Dat veranderde toen het pijnlijk duidelijk werd dat ik rondjes aan het rennen was. Want op een gegeven moment leek het alsof ik maar vier of vijf mensen in de hele wereld kende, die ik onophoudelijk en in vergelijkbare situaties tegenkwam, zij het onder verschillende namen en op verschillende tijden en plaatsen. Ik begon me af te vragen waarom dat zo was, en waarom deze situatie zoveel leed en ellende veroorzaakte. En ik begon me af te vragen: “Is dit het nou? Is dit eindeloze rondjes rennen waar het leven om draait?”
Het korte antwoord is: ja. Maar daar moeten we nog wel een paar woorden aan toevoegen, namelijk: ja, rondjes rennen is precies waar het om draait... in de fysieke wereld. Wat we doorgaans de ‘echte’ wereld noemen.
In de fysieke wereld beweegt alles continu in cycli. Om er een paar te noemen: in natuur zijn er de maancyclus, de dag-nachtcyclus, de menstruatiecyclus, de seizoenen cyclus, de leven/doodcyclus. In cultuur zijn er de tijdcyclus, de chaos/ordecyclus, de oorlog/vredecyclus, de werk/speelcyclus. In een individu zijn er de agitatie/kalmtecyclus, de waak/slaapcyclus, de ziek/gezond cyclus, de eet/poepcyclus. Net als zonneschijn en regen veranderen ze onfeilbaar in elkaars tegendeel, zonder uitzondering, ad infinitum.
Beeld: adriannesquick
Zolang we nog steeds gefascineerd zijn door het levensspel, het materiële spel dat zich afspeelt in de ‘echte’ wereld, genieten we ervan om alle geneugten die het leven te bieden heeft na te jagen. We geven ons over aan gastronomische geneugten, zoeken naar kennis, rijkdom en weelde, dompelen ons onder in seksuele genoegens, genieten ervan om over anderen te heersen, enzovoort. In dit rijk worden we geconfronteerd met het onontkoombare feit dat we eindeloos momenten van intens genot afwisselen met momenten van intens lijden en op een gegeven moment beginnen de meesten van ons zich vast te klampen aan het eerste en een afkeer te ontwikkelen tegen het laatste. Meestal geeft dat precies het tegenovergestelde effect van wat we wensen. Als dat lang genoeg gebeurt, is de kans groot dat je op dezelfde plek terechtkomt en dezelfde vragen gaat stellen als ik indertijd deed.
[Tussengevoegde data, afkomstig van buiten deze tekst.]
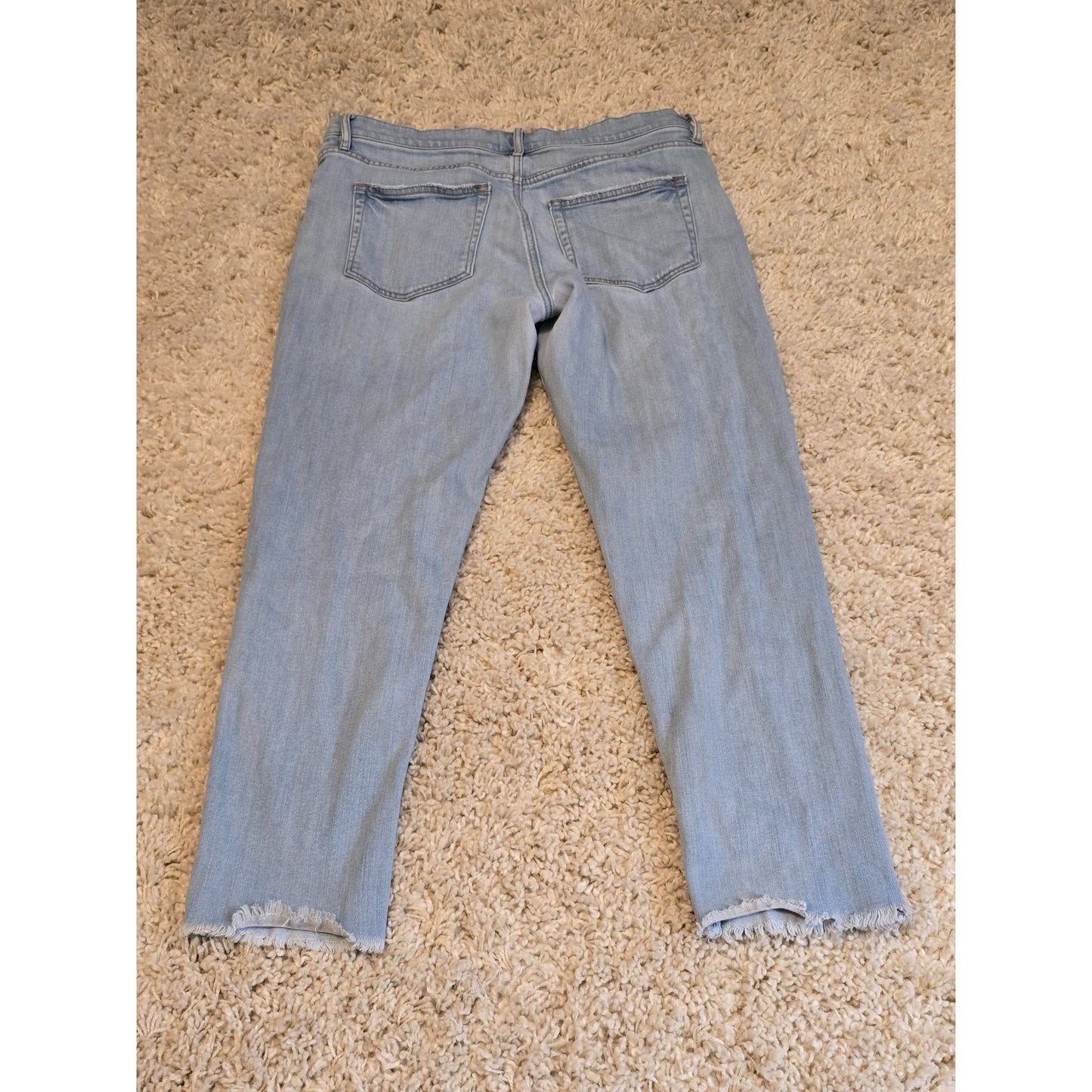Ann Taylor LOFT Women's Boyfriend Jeans Size 8 Light Wash Cropped Raw Hem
Vanuit dat standpunt kunnen we twee kanten op: de destructieve of de creatieve.
In het eerste geval kunnen we overweldigd raken door ons onvermogen om aan ons lijden te ontsnappen, wat angst veroorzaakt. Vervolgens worden we vatbaar voor allerlei verslavingen om onszelf te verdoven voor een realiteit die we niet willen ervaren, maar waaraan we niet lijken te kunnen ontsnappen. Van daaruit is het niet ongebruikelijk om in een depressie of andere psychische of lichamelijke aandoening te belanden en zelfmoord wordt vaak beschouwd als een laatste redmiddel om pijn te beëindigen.
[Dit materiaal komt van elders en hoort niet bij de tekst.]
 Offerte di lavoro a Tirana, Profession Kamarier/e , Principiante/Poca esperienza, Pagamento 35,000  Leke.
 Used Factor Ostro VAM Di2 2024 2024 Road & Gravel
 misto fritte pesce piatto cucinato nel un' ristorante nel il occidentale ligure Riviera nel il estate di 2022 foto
Wanneer we daarentegen de creatieve richting inslaan, ontstaat er nieuwsgierigheid naar de oorzaak van ons lijden. Een kinderlijk gevoel van verwondering - en opkomend gevoel voor humor - maakt zich van ons meester wanneer we beseffen hoe weinig controle we eigenlijk hebben over onze eigen gedachten, gevoelens en daden en we gaan op zoek naar hoe dat wezen wat ‘ik’ genoemd word eigenlijk werkt. Maar waar kunnen we beginnen?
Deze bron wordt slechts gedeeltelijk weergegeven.